**What you have to do:** From the material below, copy exactly the lines beginning with the one that contains "和装バッグ 利休バッグ 花しおり 正絹 薄紫 パープル ラベンダー" and ending with the one that contains "36 Inch Rolling"; the pictures stay out.

(Given data Opens)

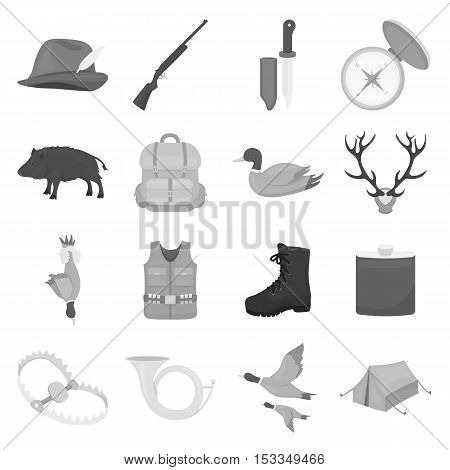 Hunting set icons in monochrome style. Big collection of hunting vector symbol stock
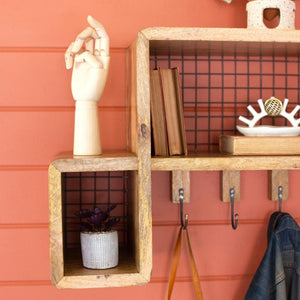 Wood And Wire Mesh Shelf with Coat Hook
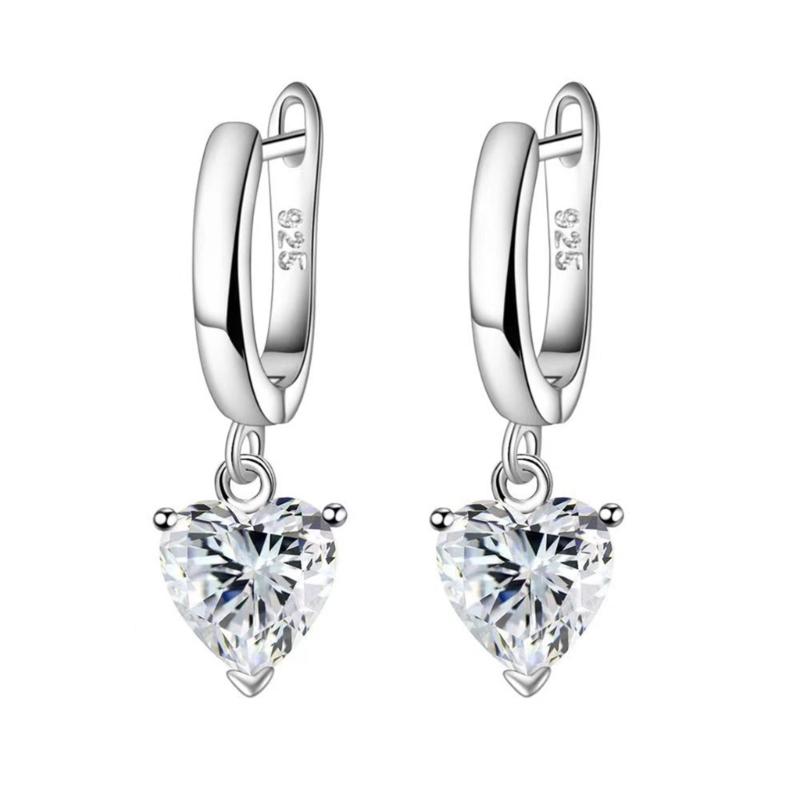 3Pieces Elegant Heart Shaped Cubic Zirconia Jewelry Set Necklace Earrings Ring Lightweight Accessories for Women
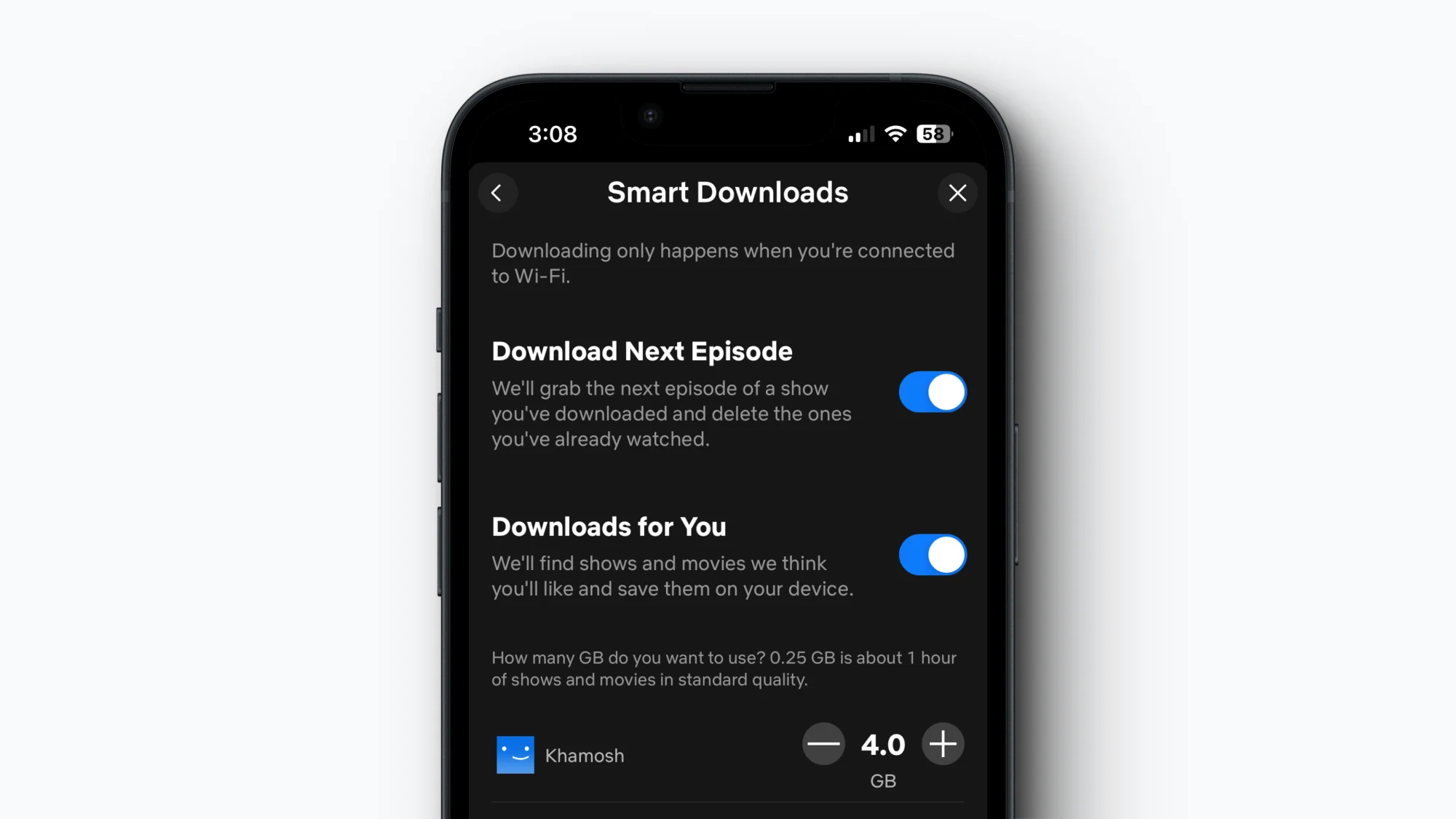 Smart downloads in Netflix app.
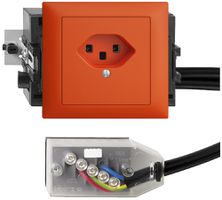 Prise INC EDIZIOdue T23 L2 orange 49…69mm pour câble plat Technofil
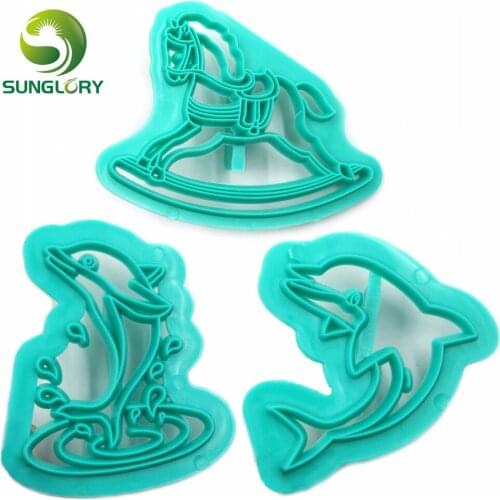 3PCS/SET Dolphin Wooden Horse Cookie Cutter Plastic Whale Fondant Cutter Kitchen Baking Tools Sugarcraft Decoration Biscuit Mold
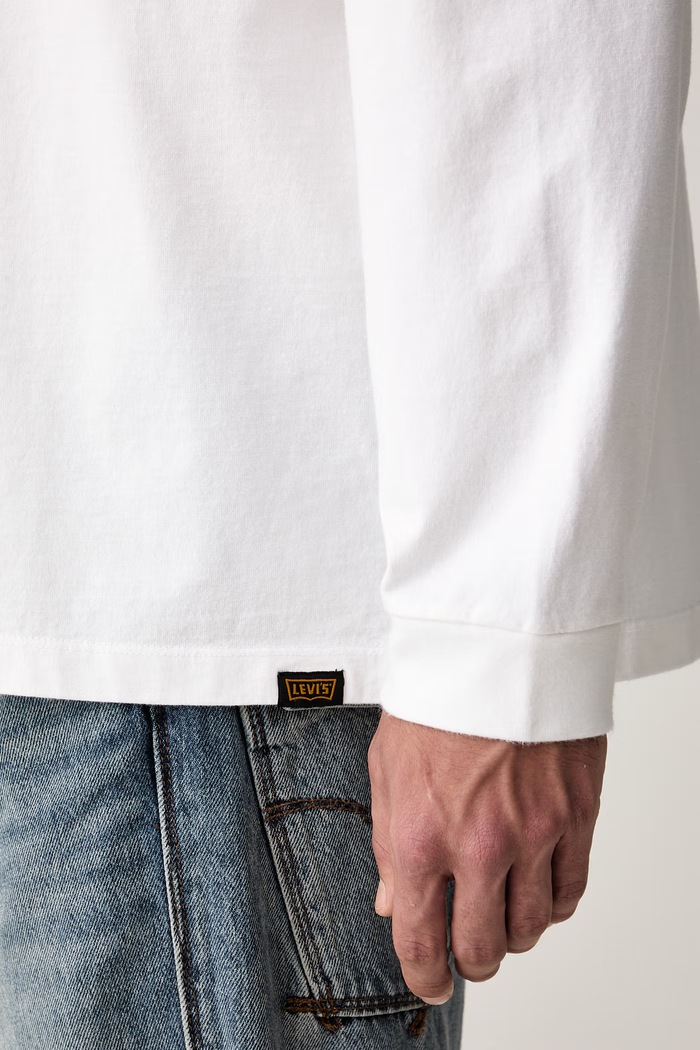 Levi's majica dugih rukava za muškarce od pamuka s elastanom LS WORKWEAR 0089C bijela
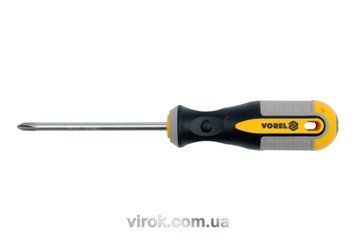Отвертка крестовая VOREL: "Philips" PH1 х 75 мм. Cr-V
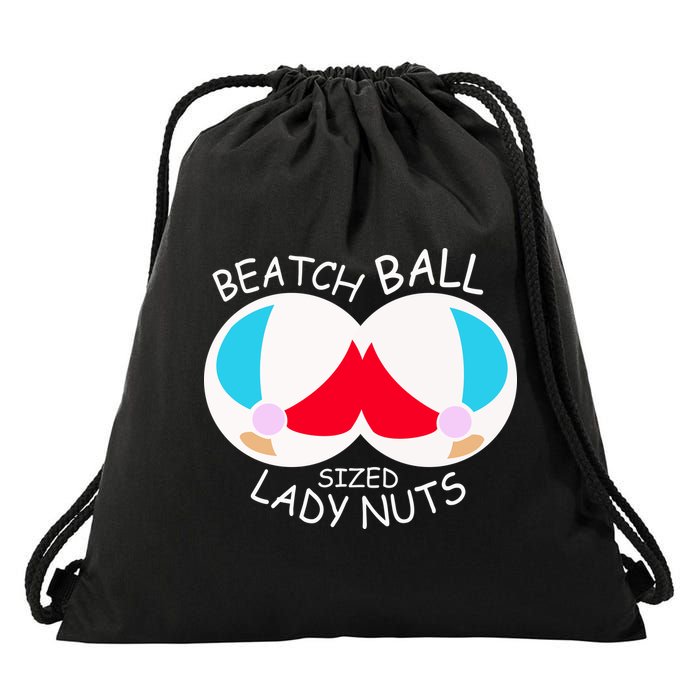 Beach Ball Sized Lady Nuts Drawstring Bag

(Given data Closes)
(Given data Opens)

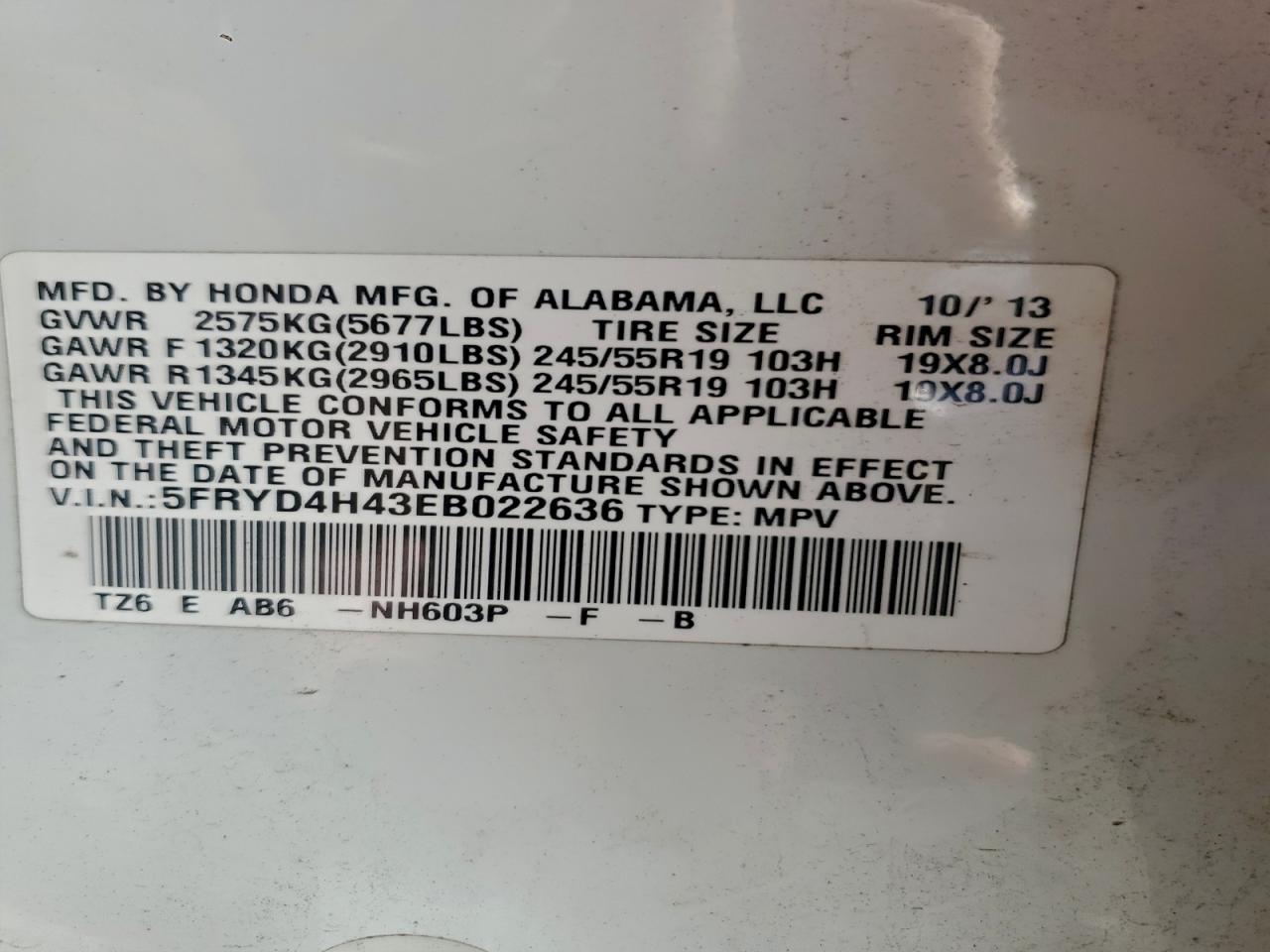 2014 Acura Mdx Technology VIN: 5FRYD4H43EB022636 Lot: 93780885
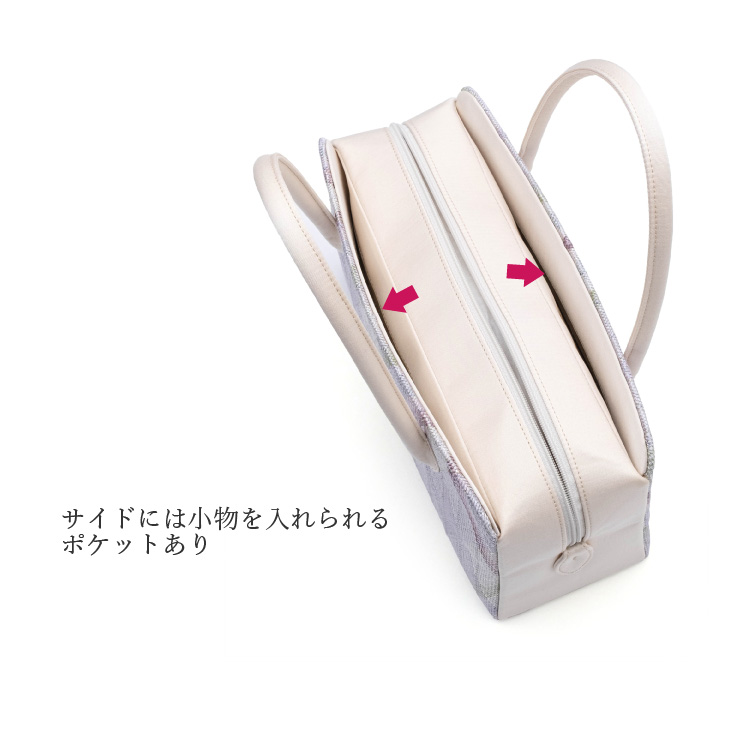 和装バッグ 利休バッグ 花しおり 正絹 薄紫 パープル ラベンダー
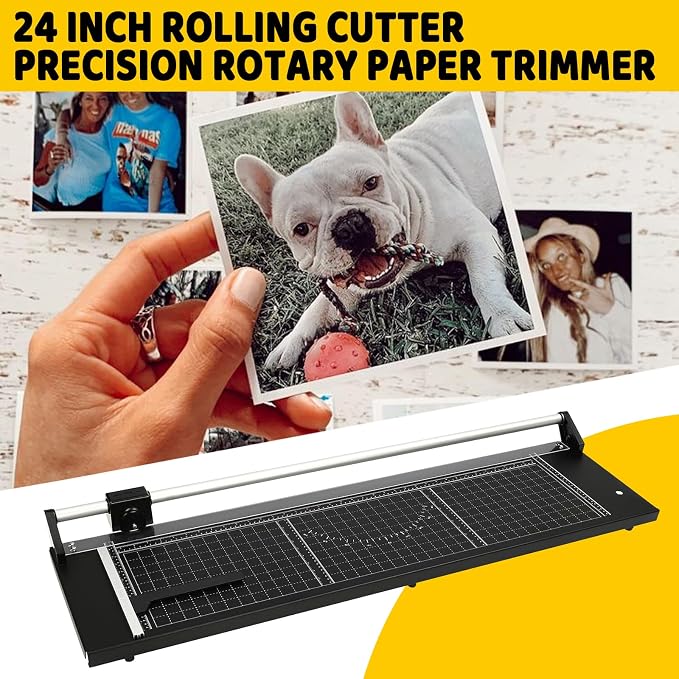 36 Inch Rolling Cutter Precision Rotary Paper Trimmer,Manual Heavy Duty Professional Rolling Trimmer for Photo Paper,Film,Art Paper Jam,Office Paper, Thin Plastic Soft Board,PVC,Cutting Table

(Given data Closes)

**Worked solution:**
 和装バッグ 利休バッグ 花しおり 正絹 薄紫 パープル ラベンダー
 36 Inch Rolling Cutter Precision Rotary Paper Trimmer,Manual Heavy Duty Professional Rolling Trimmer for Photo Paper,Film,Art Paper Jam,Office Paper, Thin Plastic Soft Board,PVC,Cutting Table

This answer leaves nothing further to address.